There are 18 much richer Australians this week, and it’s not down to a lottery win.
Goldman Sachs JBWere has promoted18 people to become Australian managing directors (MDs) – nearly doubling the 22 it had. Rumour has it they’ll each be on at least US$1.5m (AU$2.0m).
What’s going on?
Craig Drummond, Chief Operating Officer at Goldman Sachs JBWere Sydney says the appointments “reflect the depth of talent and the significant contribution this group has made during what has been a good year for the firm.” Meanwhile, a GSJBW spokeswoman says they were rewards for the ”exceptional performance’,’ and a way of harnessing leadership skills for the company. ”It also shows you can have a dedicated career path within the firm.”

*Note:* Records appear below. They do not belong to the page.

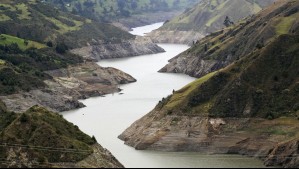 Hasta 13 horas de apagones: Sequía desata crisis hidroeléctrica que mantiene en emergencia a Ecuador Hasta 13 horas de apagones: Sequía desata crisis hidroeléctrica que mantiene en emergencia a Ecuador
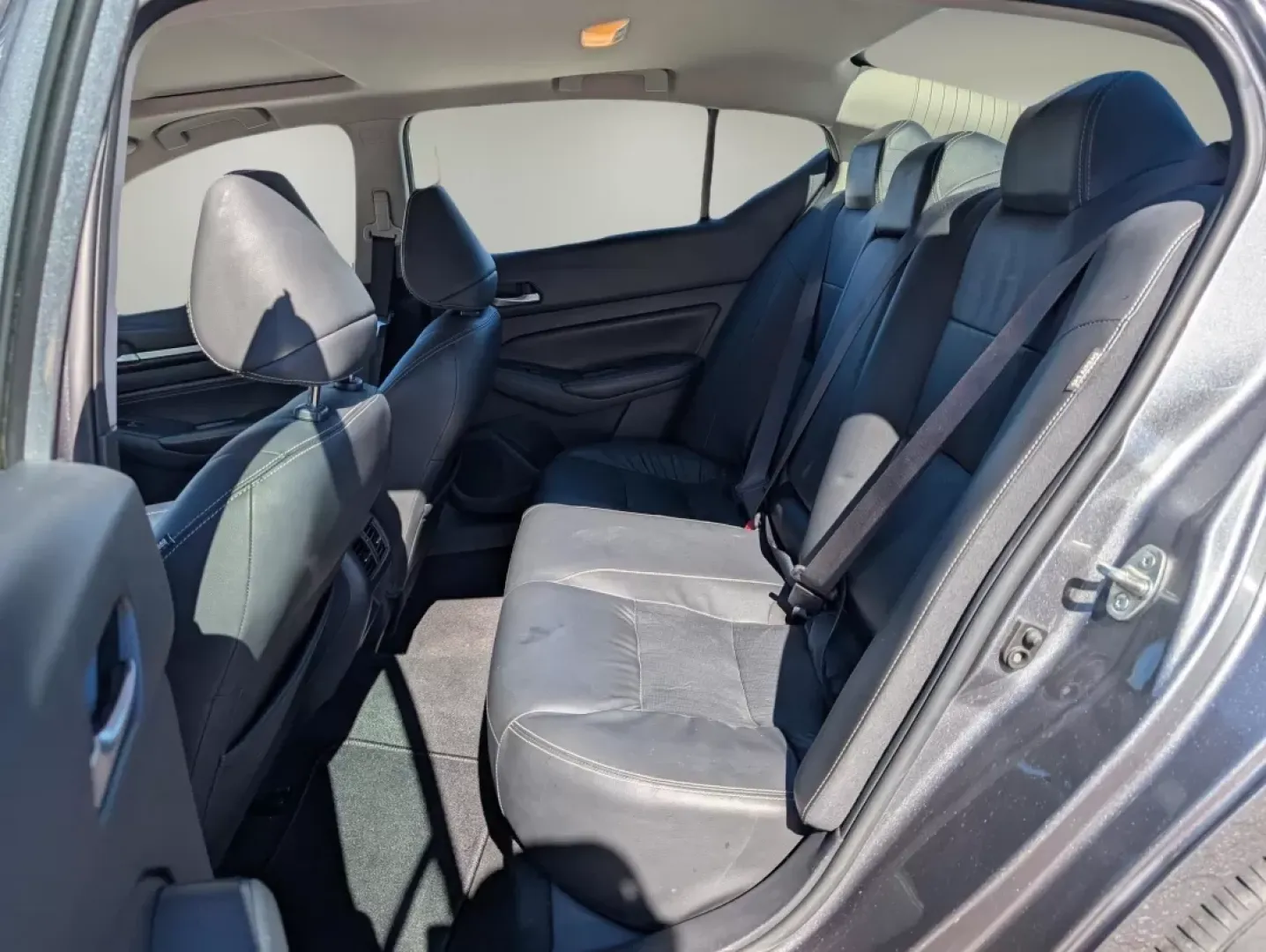 2019 /Charcoal Nissan Altima 2.5 SL (1N4BL4EV3KC) with an Other engine, located at 3959 U.S. 80 W, Phenix City, AL, 36870, (334) 297-4885, 32.469296, -85.135185 - **Discover Freedom with the 2019 Nissan Altima Your Ideal Commuter Companion!**<br /> <br /> Are you tired of the daily grind of long commutes? The 2019 Nissan Altima might just be the perfect solution for you. This spacious, fuel-efficient sedan is designed to make your drives comfortable and enjo - Photo#10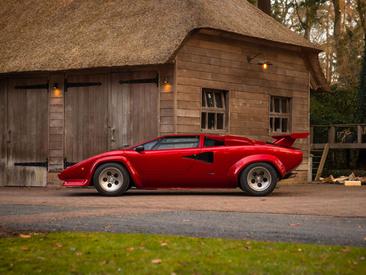 Lamborghini Countach — photo 4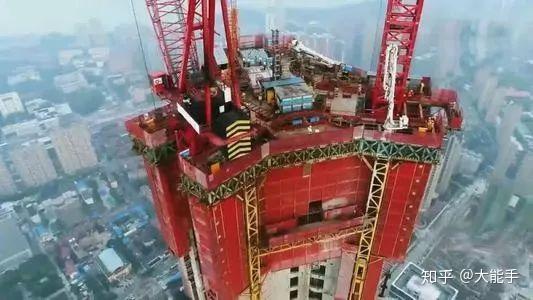 空中造楼机:平均四天盖一层 - 知乎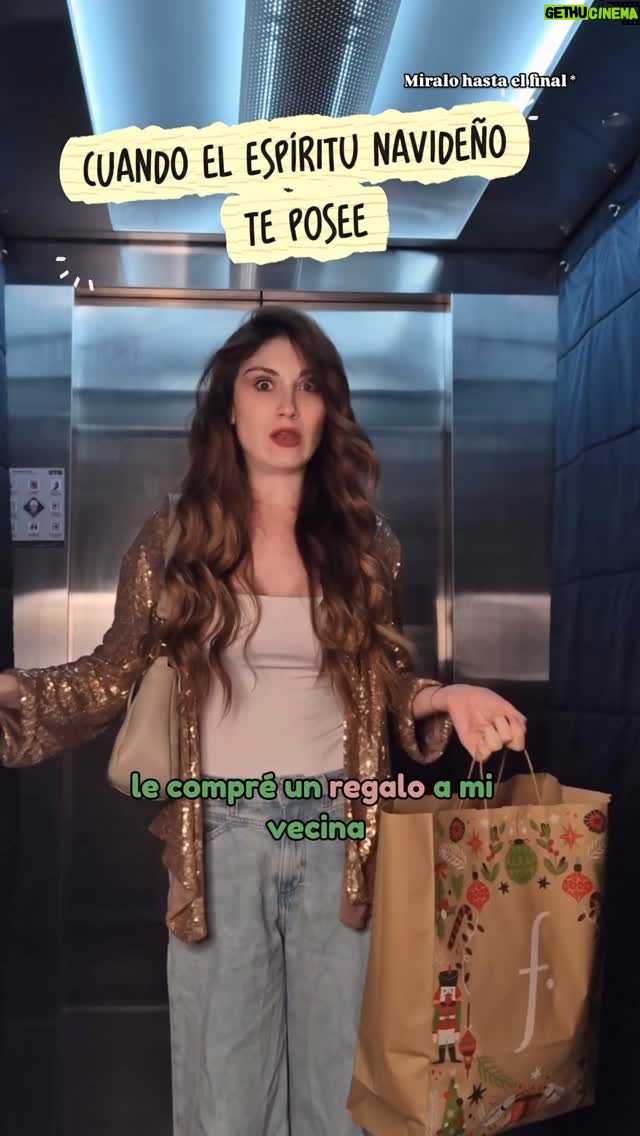 Viviana Santos - 466 Likes - Y ahora vayan ustedes a activar su espíritu navideño, pero con la CMR del @bancofalabella_co que después no quiero verlos llorando el resto del año🙃

#navidad #publicidad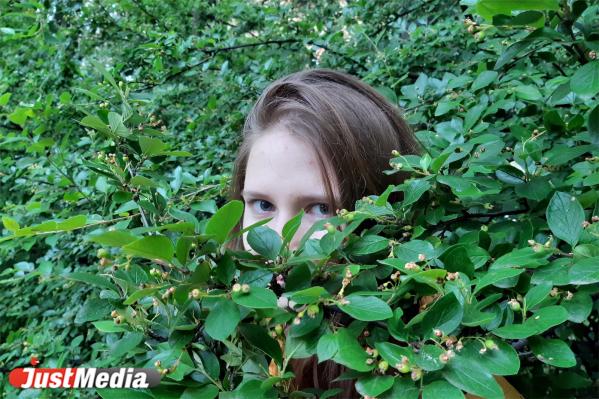 Анна Светлова, выпускница УрФУ: «Лето в Екатеринбурге – это когда ты покупаешь себе легкие вещи, а носишь все равно куртку». В Екатеринбурге +18 градусов - Фото 4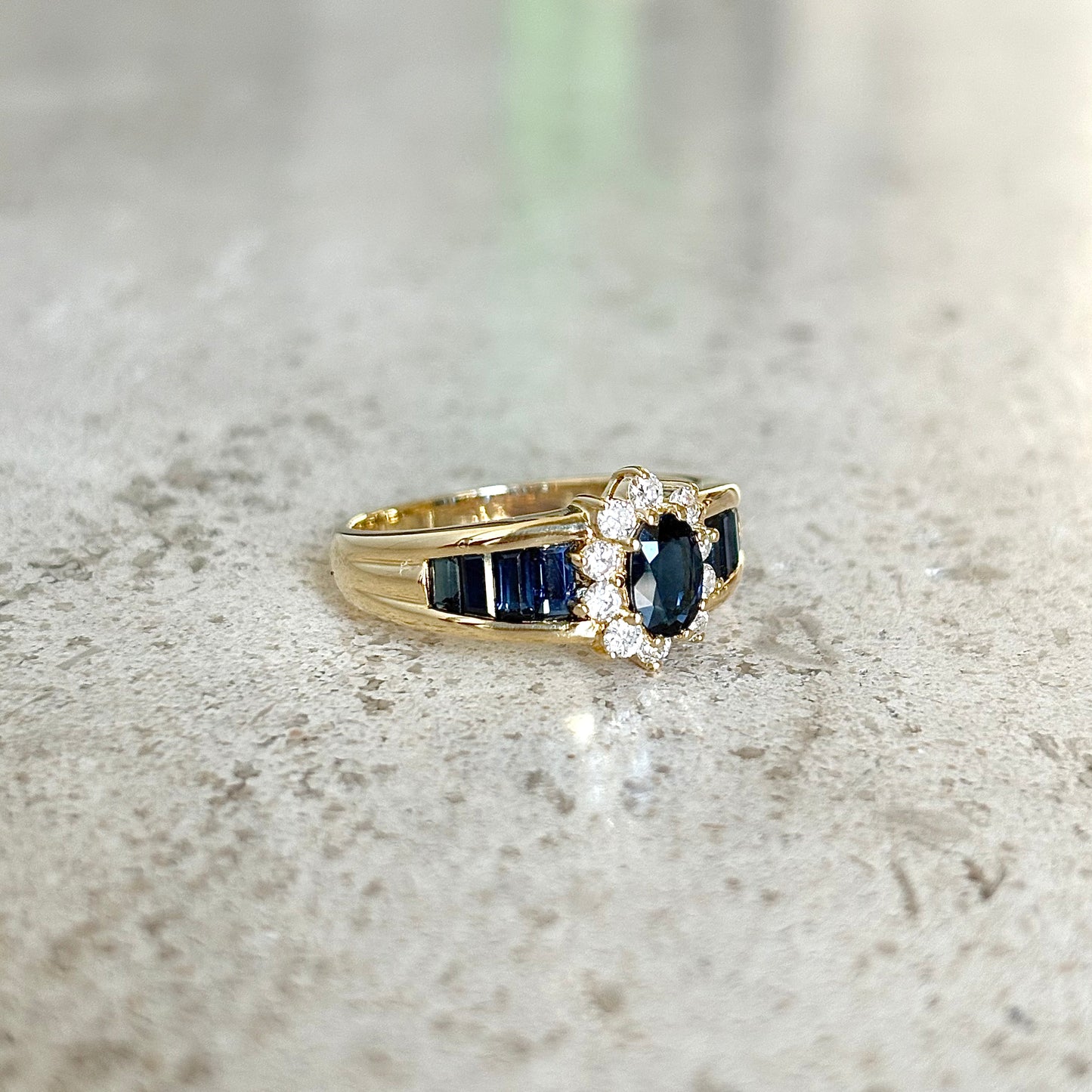 Bague Jonc Marguerite - Or Jaune 750 Saphir & Diamants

Matthew Gowan, senior manager Hays Banking, says it is a retention strategy, as well as a reward. After all, who’s going to leave with a pot of gold like this waiting?
The disproportionate number of Goldman is a top-tier bank might have something to do with the promotion of legacy JBWere staff. After all, Goldman needs a strong distribution network in Australia, which is exactly what it got in buying JBWere. What better way to tie in JBW bankers than make them MD.
Goldman has a history of promotions and “fantastic remuneration” says John Noonan, Sydney bureau chief at Thomson Financial IFR. “They lock people in at director level. These banks exist to generate profit, and they reward their high-performers and try to keep them.”
Standard & Poor’s New York has a wider view. It believes the rash of promotions springs from Australia’s China-fuelled commodities boom and the explosion of financial institutions in Asia, all of which are hungry for bankers – many of whom live just south of the Equator.